The prompt works best with a recent reference, but it can still produce decent results with slightly older but still relevant context (e.g. something from their About section, pinned post, or a strong recurring theme in their content). That said, the acceptance rate difference is usually significant: messages with a fresh, specific reference often get 40–65% acceptance, while more generic ones tend to fall into the 20–35% range.
LinkedIn’s restrictions in 2026 are mostly driven by volume, speed, and pattern detection — not by how well-written or personalized the messages are. If you send 20–40 well-spaced, highly personalized requests per day from a warmed-up account (good photo, headline, some activity), most users report staying well under the radar. The danger zone usually starts above 60–80 requests/day or when sending many near-identical messages.
You can — but the tone and phrasing are intentionally calibrated for founder-to-founder conversations (casual-professional, maker energy, no corporate buzzwords).
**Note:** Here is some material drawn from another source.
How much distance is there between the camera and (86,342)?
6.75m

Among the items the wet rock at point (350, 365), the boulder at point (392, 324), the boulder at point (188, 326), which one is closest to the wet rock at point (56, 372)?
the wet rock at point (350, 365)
When targeting VCs, agency owners, enterprise buyers or more traditional professionals, many users slightly adapt the output by making it 10–20% more formal and removing some of the “fellow indie maker” feeling. The core structure (specific recent reference + low-pressure close) still performs very well across audiences.
Yes — shorter usually wins on LinkedIn connection requests right now. Messages between 140–220 characters tend to get meaningfully higher acceptance rates than 250–300 character ones, especially when the first 1–2 lines already show relevance. The prompt is written to aim for 180–260 characters, but if you consistently get better results by trimming to ~150–180 characters, most users keep doing that. Shorter + specific almost always beats longer + vague.